One could do the same for the SYK on a chip, and "real" wormhole. And of course nature likes to repeat itself.
EPR involves flat spacetime, not a wormhole in sight. Minkowski spacetime. ER is a section of a maximally extended vacuum solution of the Einsten equations that has existed eternally and cannot be brought into being by any known astrophysical process. Vacuum fluctuations are not spacetime fluctuations, insofar as they are in fact real fluctuations rather than mathcmatical accounting devices.
It seems that in this case, even if one were to accept that the duality allows one to say "create", the dual doesn't have a spacetime geometry, so it can't have been a wormhole in any plain sense.
https://twitter.com/MBarkeshli/status/1598090966560231424
https://twitter.com/karch_andreas/status/1598101445311856640
I am confused even by the statement that "the actual experiment is very cool". It seems the use of a quantum computer for this demonstration was not particularly enlightening, the bulk of the work went into classical computations to simplify the calculation so that it could be run on less than 10 noisy qubits. Is there something cool we learned about quantum computation or the SYK model from this exercise?
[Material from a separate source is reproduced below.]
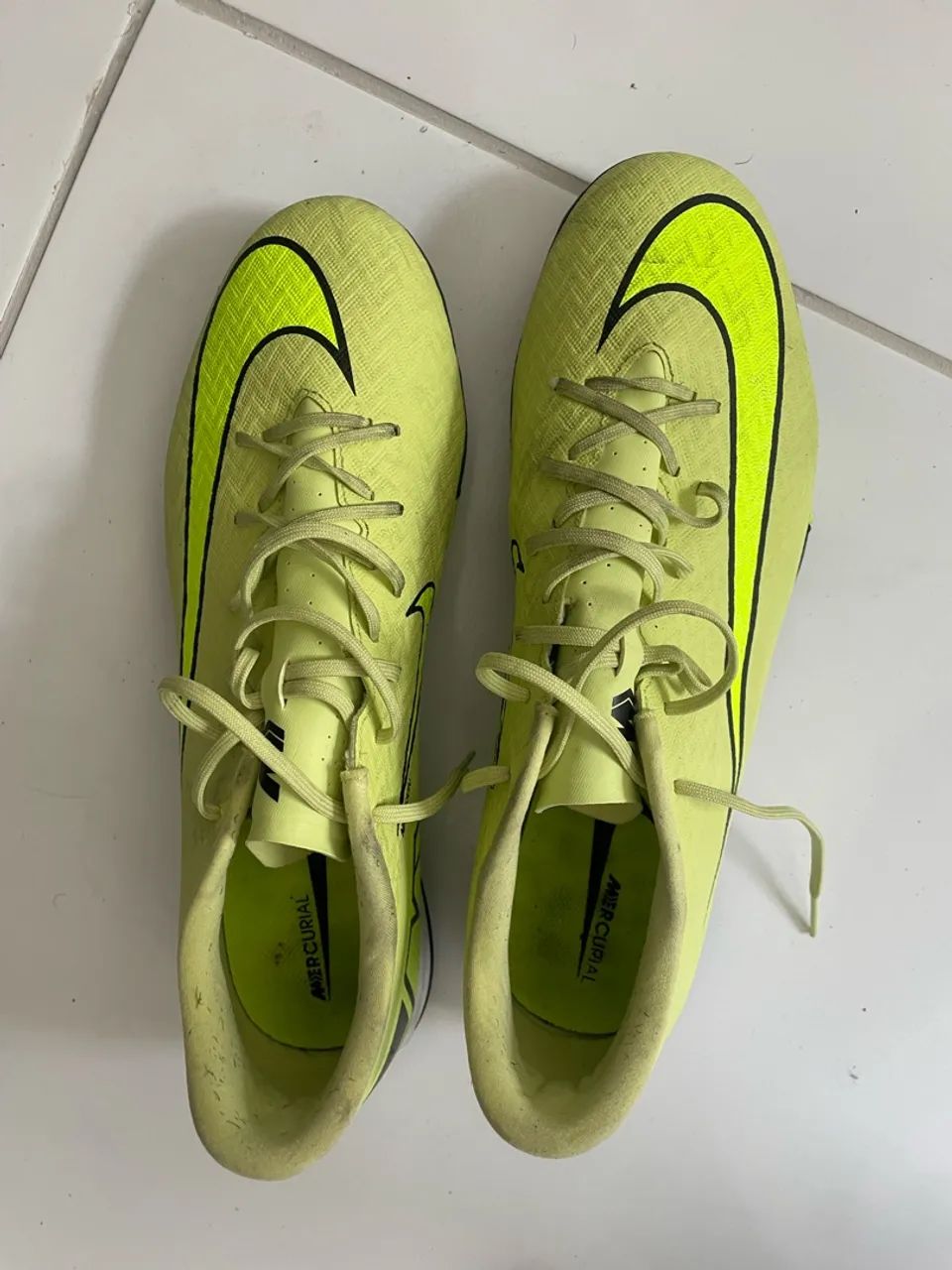 Vendo essa chuteira nova usada apenas uma vez  - Foto 2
I'm not sure about the answer to that. I'm usually in the camp of loving condensed matter emergence and cold atom simulation, but I am not sure about this result being as enlightening.
I don't think you can make the slightest headway in understanding the slogan "ER=EPR" until you understand that AdS/CFT is a duality between a bulk gravitational theory (in an asymptotically-AdS spacetime) and a (non-gravitational) quantum field theory on the conformal boundary of that spacetime.
There's a limit (the "large-N" limit) in which the boundary QFT is quantum-mechanical, but the bulk theory is classical. We don't strictly need to be in that limit, but that's the easiest one to be in because, while classical GR is hard, quantum gravity is harder.
In any case, part of the correspondence involves a mapping between states of the QFT and bulk geometries (which is what a "state" is, in classical GR). Now you could ask, "What state of the QFT corresponds to having a wormhole geometry in the bulk?" And it's not terribly surprising that this is some entangled state in the QFT.
But there are lots of entangled states in a QFT, with varying degrees of entanglement. Famously, the vacuum state of a QFT is highly-entangled. But the vacuum state is dual to empty AdS; with not a wormhole in sight.
So, as a general statement, "ER=EPR" is too fuzzy to be useful. But there certainly are wormhole geometries and their boundary duals. That's what's being explored in this SYK/JT-gravity setup.